:: TASK TO CARRY OUT ::
Write the entries out again in full and unchanged, dropping every image.

-- Opening Marker --

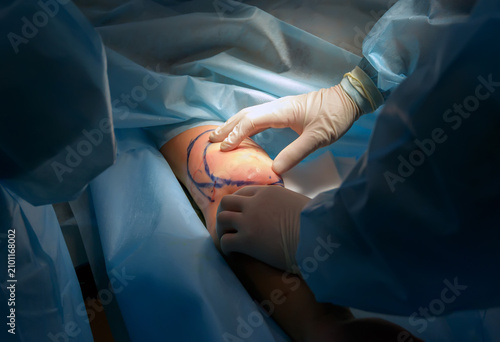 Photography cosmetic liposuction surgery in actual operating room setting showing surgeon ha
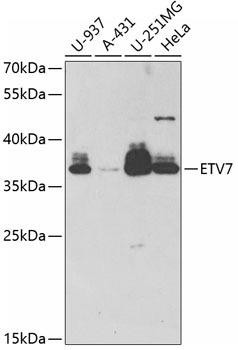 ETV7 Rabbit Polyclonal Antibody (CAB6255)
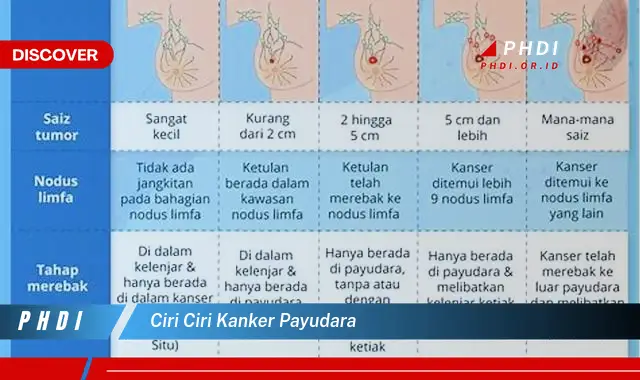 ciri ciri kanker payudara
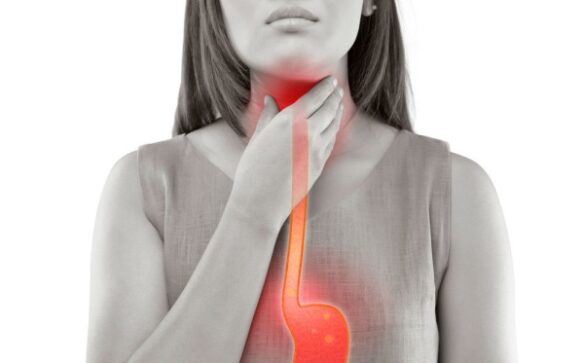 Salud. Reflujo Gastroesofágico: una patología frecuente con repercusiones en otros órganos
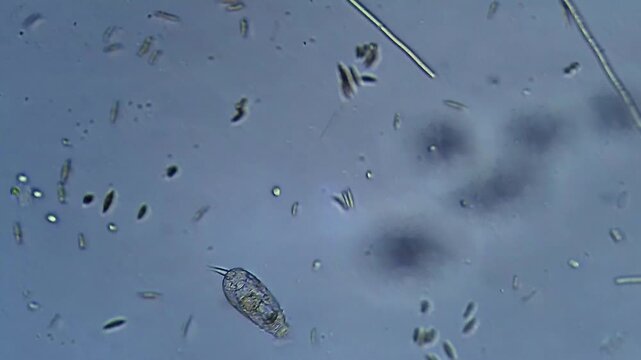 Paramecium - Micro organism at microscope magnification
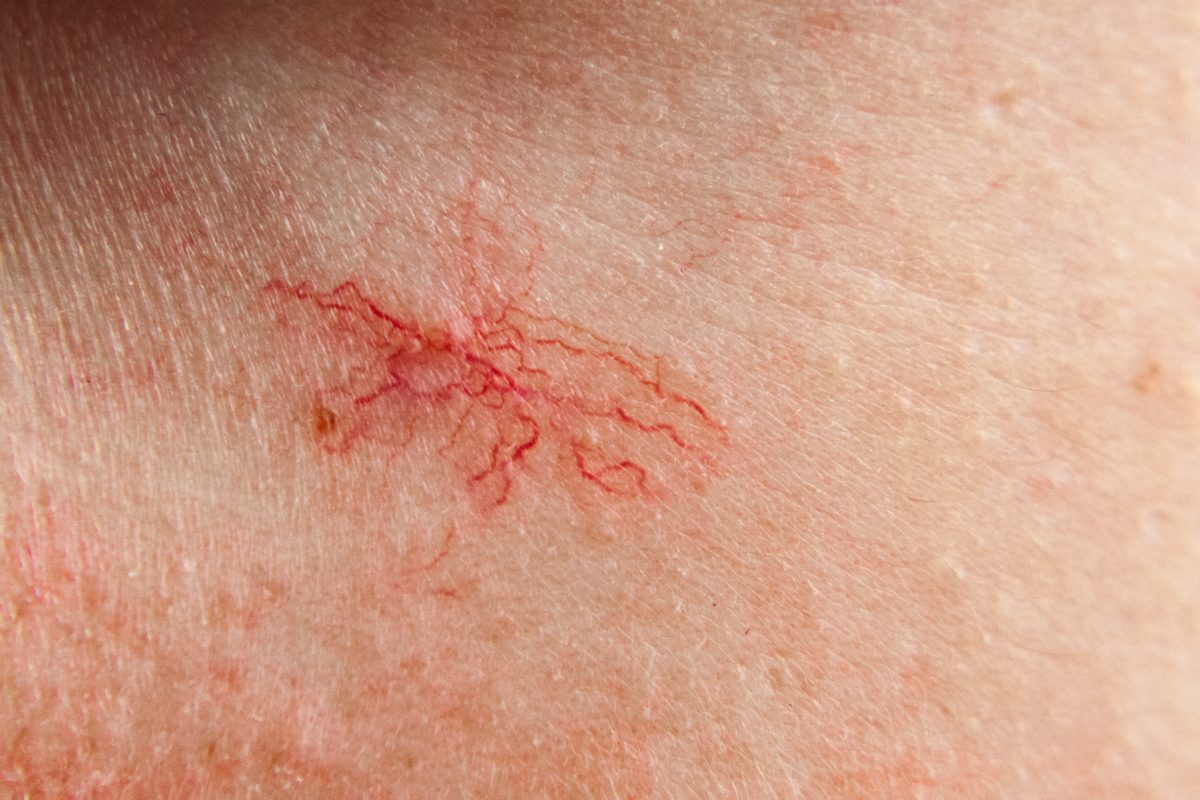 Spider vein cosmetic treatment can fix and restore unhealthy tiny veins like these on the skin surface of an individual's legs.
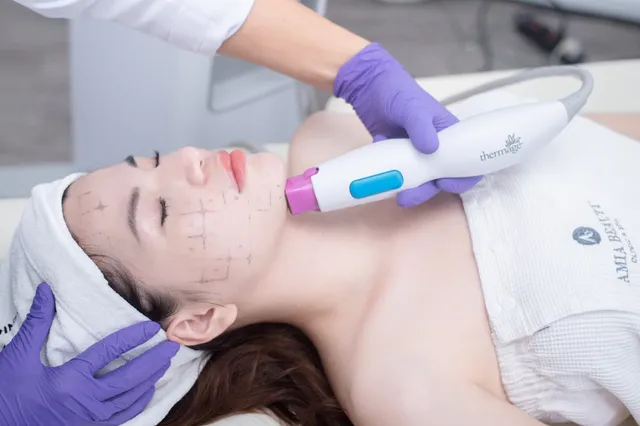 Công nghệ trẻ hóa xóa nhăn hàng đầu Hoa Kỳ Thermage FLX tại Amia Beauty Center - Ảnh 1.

-- Closing Marker --

:: RESULT FOR THIS EXERCISE ::
 Photography cosmetic liposuction surgery in actual operating room setting showing surgeon ha
 ETV7 Rabbit Polyclonal Antibody (CAB6255)
 ciri ciri kanker payudara
 Salud. Reflujo Gastroesofágico: una patología frecuente con repercusiones en otros órganos
 Paramecium - Micro organism at microscope magnification
 Spider vein cosmetic treatment can fix and restore unhealthy tiny veins like these on the skin surface of an individual's legs.
 Công nghệ trẻ hóa xóa nhăn hàng đầu Hoa Kỳ Thermage FLX tại Amia Beauty Center - Ảnh 1.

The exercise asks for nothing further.